For myself, I would choose to keep my distance from such phenomena, trusting that whatever I might be missing is not greater than what I am protecting and cherishing and that the Lord is not offended by a carefulness that would rather err in a jealousy for His holiness than to risk subverting what has already been given as pure and true (the residue of the knowledge of God as holy, obtained through obedience and communion, cherished and guarded over the years). What believer who has once been in that Presence could ever countenance the entertainment-carnival atmosphere that prevailed in the video cited above? I have not yet recovered, and trust never will, from the eerie experience some twenty years ago of being present on the platform at an international conference in the midst of falling bodies (ostensibly ’slain in the Spirit’) in the complete absence of the sense of God’s presence! The visible demonstration of power without the corresponding sense of God in the midst of squeals of carnal excitement and popping flashbulbs was more than could be borne. Whatever the consequence to propriety, ministerial and offended relationships, I had to leave.
Remarkable that though we are explicitly warned about end-time “lying signs and wonders”, (II Thessalonians 2:9; Matthew 24:24) we imagine that it is future and mindlessly trust ourselves in our greed for experiences, empowerments, or releases to dubious personalities who have caught the public fancy in incredible overnight popularity. I profoundly respect God’s use of the weak and the foolish thing, but I cannot for that reason endorse what is garish, cheap, and coarse as being that. “Holiness unto the Lord” is still the standard of God’s House even when it is unspectacular and unassuming in the eyes of the world—or even our own.
Certainly in all of the overwhelming endorsement of the present revival-renewal phenomenon, the sober believer will not fault this modest, hopefully redemptive voice of caution. Perhaps one of the most ominous features of the hour is the note of warning sounded about those who have some reserve as being ‘obstructions’, ‘enemies’, or ‘threats’ to this outpouring of God. The invitation seems to be to abandon all restraint (’The bar is open’)—leap in or get out of the way of others if you cannot! God is well able, I feel sure, to protect as well as perfect what pertains unto Him (Colossians 1:28). I cannot help but wonder if it is man’s interests that are being so vehemently defended and that we are at the inception of what could ultimately be finalized by the warning that “they will kill you and claim that they are doing God a service.” (John 16:2)

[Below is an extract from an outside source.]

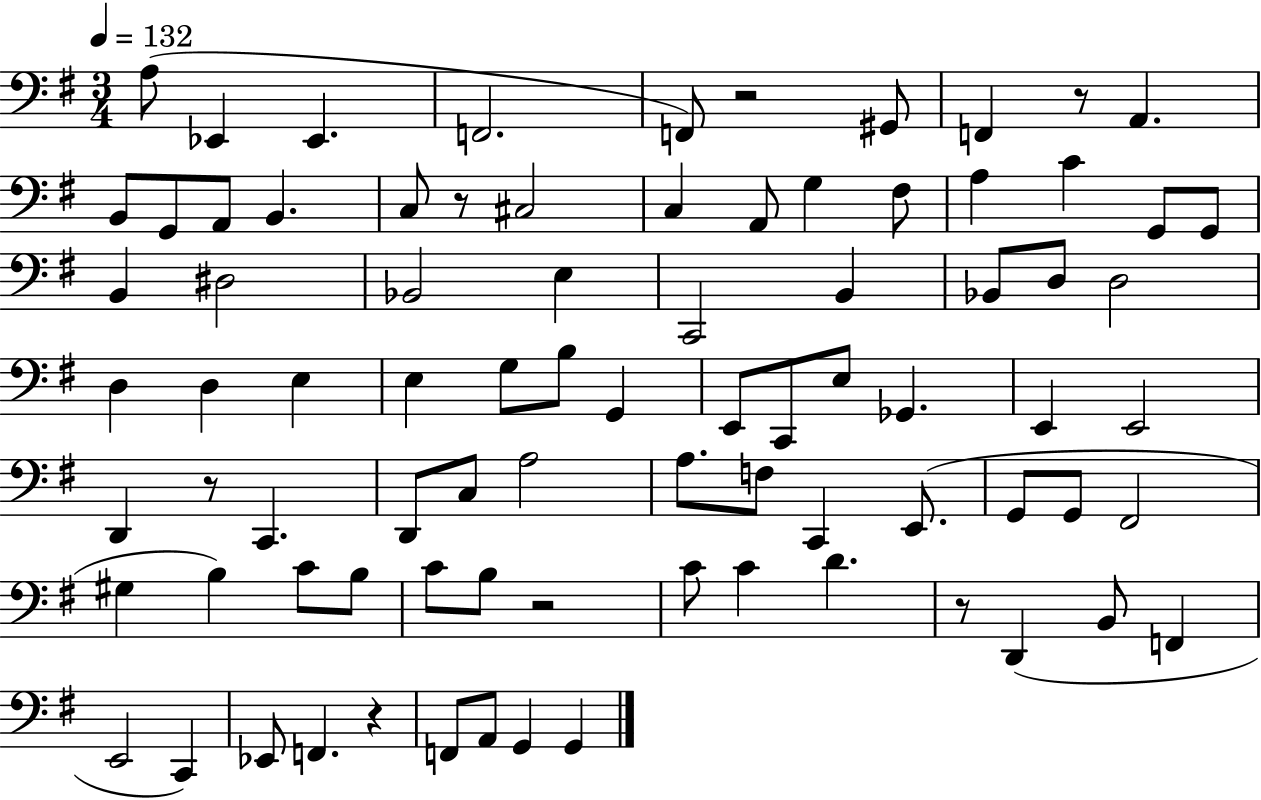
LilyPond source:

I would insert here a caution given by T. Austin Sparks, more appropriate now perhaps then when it was sounded decades ago, in speaking of the Corinthians’ propensity for ’sensational evidences’. How much does it suggest that we may presently be reaping is what was mindlessly and carelessly sown in the decades of the Charismatic Movement. The immaturity of many was fostered in easy ‘decisions’, Cross-avoiding indolence, undisciplined living, the giddy adulation of personalities and in the superficiality, levity and lightness of our meetings:
“We are in that kind of age today. It is becoming more and more a psychic age. It is an age of the soul just spilling over, asserting itself, taking control of everything in Christianity as well as outside of it—a soulish age… Be careful that you are not hankering for this realm again. Are you after the evidence? My, how I have seen dear Christian people just prostrating themselves, groaning and crying, almost screaming for evidence—these ’sign’ things… Christians and dear men of God, who have been greatly used, are creating an emotional, psychic situation that is involving simple Christians in things which are, sooner or later, going to be a great disillusionment and an offense. It will bring ‘offendedness’ with the Lord, and that is just what the devil is after.” (Called Unto the Fellowship of His Son, p. 46, published by Emmanuel Church, 12000 E.14th St., Tulsa, OK 74128)

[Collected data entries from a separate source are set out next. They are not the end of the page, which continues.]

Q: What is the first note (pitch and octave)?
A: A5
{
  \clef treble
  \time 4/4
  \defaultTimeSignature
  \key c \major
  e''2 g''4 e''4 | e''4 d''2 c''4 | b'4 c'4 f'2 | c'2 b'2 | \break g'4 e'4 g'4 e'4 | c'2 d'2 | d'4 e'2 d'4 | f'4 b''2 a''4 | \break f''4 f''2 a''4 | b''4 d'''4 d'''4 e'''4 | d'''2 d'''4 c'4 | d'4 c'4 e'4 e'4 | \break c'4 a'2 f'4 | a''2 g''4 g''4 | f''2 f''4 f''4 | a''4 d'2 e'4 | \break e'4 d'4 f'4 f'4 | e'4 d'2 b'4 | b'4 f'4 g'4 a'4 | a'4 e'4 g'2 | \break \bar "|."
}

Personally, I believe myself to be ready to risk all and to dare all for the Lord, but certainly not for a ‘blessing’ or dubious ‘experience’ that confers some seeming good. My own preference, and I believe that of the Scripture, is to seek out the root of depression according to the Word (usually unacknowledged disobediences). This will be accomplished primarily through that part of the Body to whom I am accountable and with whom I am authentically joined. (Ephesians 4:15) When ‘experience’ as a ‘quick-fix’ alternative is preferred to these disciplines, we put ourselves in a place of spiritual jeopardy. Is not the Lord near at hand to all who seek Him? What is the enduring benefit when we have merely received some alleviation from the symptoms that were occasioned by serious defects of character and return with these defects still remaining? Whatever the future will reveal of the present revival phenomenon, perhaps the greatest will be the profound repentance of broken thousands upon recognizing their susceptibility to deception, their lack of elementary discernment, and their haste to run after demonstrations of power in atmospheres so contrary to God’s known holiness and character.

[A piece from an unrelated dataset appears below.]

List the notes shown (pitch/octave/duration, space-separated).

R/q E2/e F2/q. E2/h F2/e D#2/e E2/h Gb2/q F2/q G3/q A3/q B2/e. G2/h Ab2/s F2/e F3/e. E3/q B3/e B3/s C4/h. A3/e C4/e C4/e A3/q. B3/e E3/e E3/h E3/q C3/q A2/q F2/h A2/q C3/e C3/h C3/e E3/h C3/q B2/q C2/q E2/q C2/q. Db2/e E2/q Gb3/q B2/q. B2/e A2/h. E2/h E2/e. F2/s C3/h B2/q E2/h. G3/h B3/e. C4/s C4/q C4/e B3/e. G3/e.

Clearly, a power is at work. The question is, whose? Who is it that is mediating an alternative and lesser joy to the immature, the carnal, and the undiscerning? We are already discomforted to learn of the loss of interest, even the repudiation of apostolic vision once held by those who have received ‘the blessing’—as if the one were somehow antithetical or opposed to the other! Assuming that our fears are exaggerated and that the present phenomenon is of God, though admittedly marred only by certain excesses, in what ways will future ‘lying signs and wonders’ be different from that with which we are presently being confronted? By what criteria will these differences be identified? Are we presently at the level of maturity and discernment by which these important distinctions can be made? By what means shall we come to that place if we are now prone to describe as ‘enemies’ those who are only raising the questions? The very ridicule and censure brought by the advocates of this revival to those who attempt to do so makes suspect the very claims they espouse. The fact that something eventuates in blessing, release, or deliverance is no sure evidence or guarantee that it is of God. (Matthew 24:24) The same powers of darkness which have wrought the oppressions through careless or unclean living can just as easily relieve them—restoring even relationships broken and made miserable by them—in order to bring about a greater deception!
Even the most rapturous ‘love of God’ can be a pseudo-sensation produced by spirits in the indiscriminate and slothful who are unwilling for the sacrifices of seeking God’s face in truth. Is the ‘hunger for God’ in fact that, or a hunger for an experience of God that will assure the insecure soul that they are known and accepted of God? Is this not the unrecognized motive that makes many pant after present day prophets in hope of a ‘prophetic’ word of this kind? Does not this encouraged tendency promote the immaturity of such rather than encourage them in the faith of sons? Do we not prefer to be effortlessly ‘acted upon’ miraculously—rather than diligently seek God on the basis of the promise of His Word? “And ye shall seek Me, and find Me, when ye shall search for Me with all your heart.” (Jeremiah 29:13)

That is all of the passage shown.